Symphony Technology Group agreed on March 13 to acquire Momentive Global Inc, the owner of online survey vendor SurveyMonkey, for $1.5 billion while using only $450 million in debt.
Six private equity firms polled by Reuters said they had not adjusted down their typical 20% annualized return expectations in light of the tough debt financing environment. They requested anonymity because such figures are kept confidential between the firms and their investors.
Bob Rivollier, a private equity partner at law firm Ropes & Gray, said that many buyout firms that rely heavily on equity financing believe it’s possible to achieve the returns they have seen in the past by adding debt to the companies they buy down the road. This has made return assumptions on these deals more precarious, he added.
“Equity isn’t cheap.

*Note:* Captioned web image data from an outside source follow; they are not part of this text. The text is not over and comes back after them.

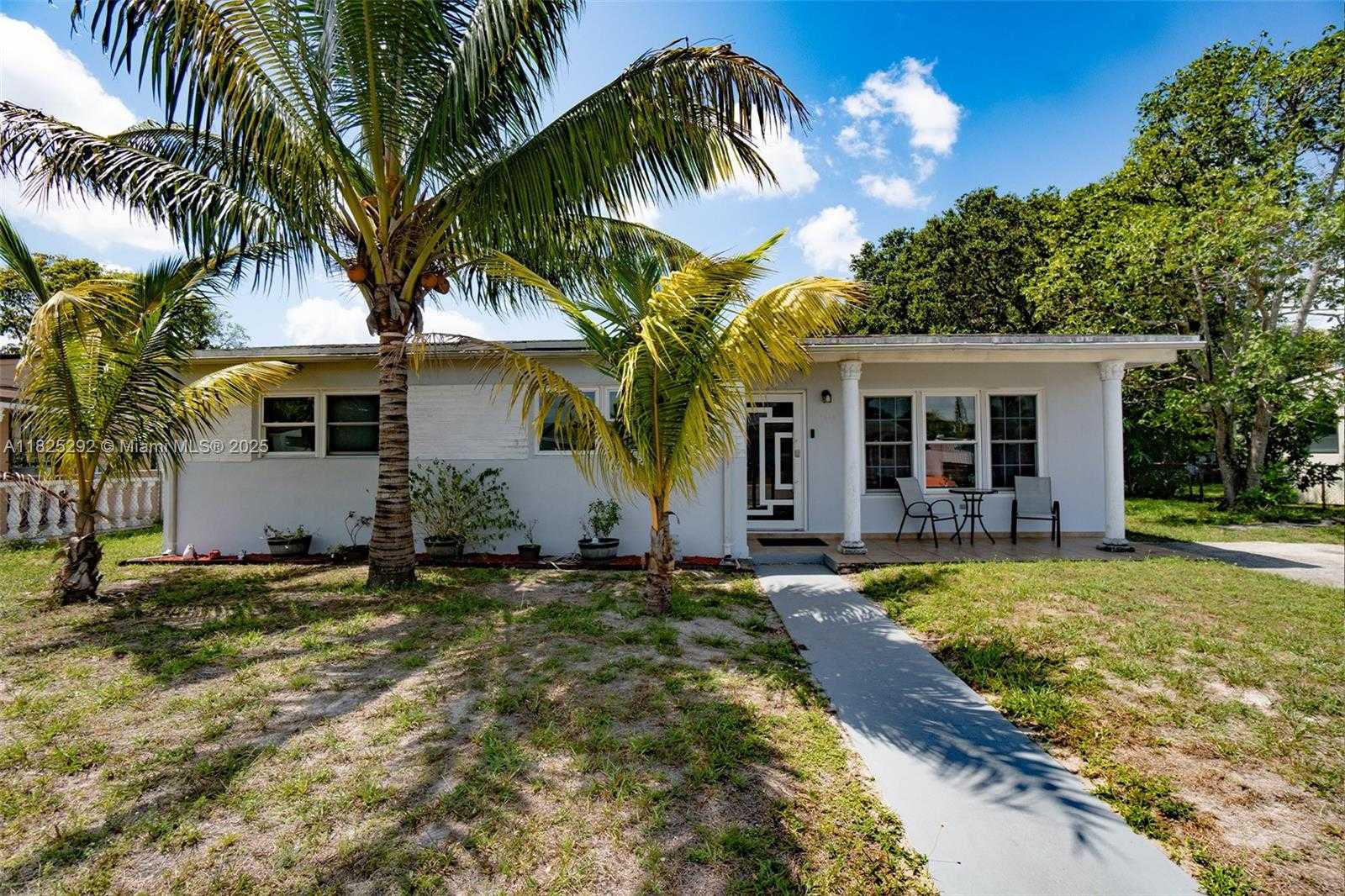 Small Image of 3610 NORTH WEST 171ST ST, Miami Gardens Number 3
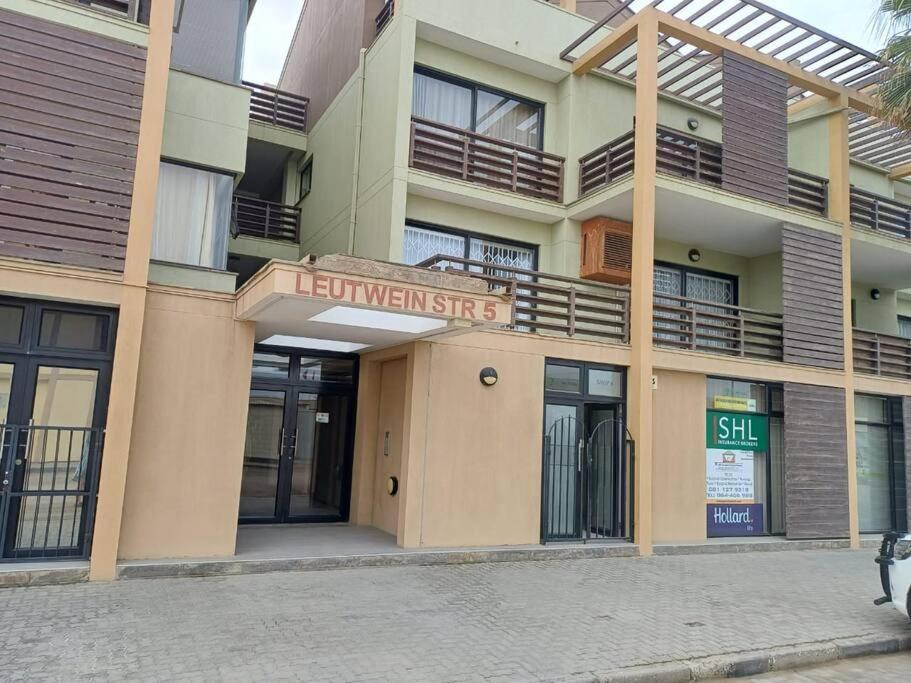 Moringa Gardens 2D Apartment Swakopmund Bagian luar foto
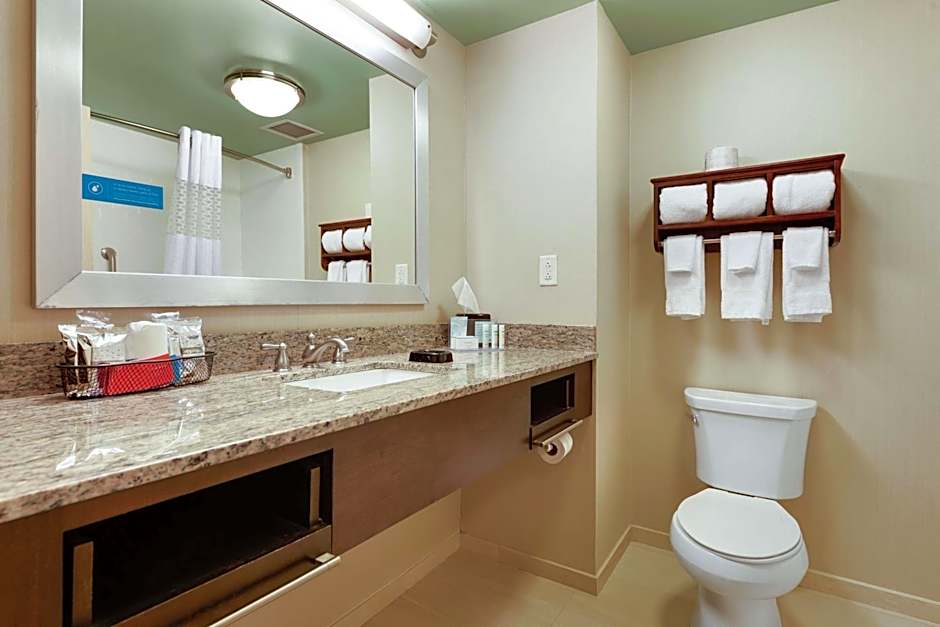 Hampton Inn By Hilton & Suites Gulfport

Between a deal where 40 percent is equity and 60 percent is debt and one where 100 percent is equity, you’re going to need a much higher return for the equity deal to get the same overall return to your investors,” Rivollier said.
To be sure, a handful of private equity firms have already been accustomed to this kind of refinancing risk. Vista and Thoma Bravo are among the private equity firms that in the last 12 months have been buying companies with mostly equity financing with plans to add debt to them later. They do this to avoid lengthy negotiations with lenders while they hurry to clinch deals with sellers.
An upside to the shift toward equity financing, dealmakers say, is that the companies owned by the private equity firms have more cushion to absorb losses if their business deteriorates. Many of the leveraged buyouts that became bankruptcies in the wake of the 2008 financial crisis were the result of private equity firms saddling companies with debt to the hilt.
Jonathan Rouner, vice chairman of investment banking at Nomura Securities, said private equity firms reserved the option when to add more debt to their companies when it’s possible and safe to do so.
“You fund the investment with equity and, when financing markets recover, do a large financing to take your equity back out,” Rouner said.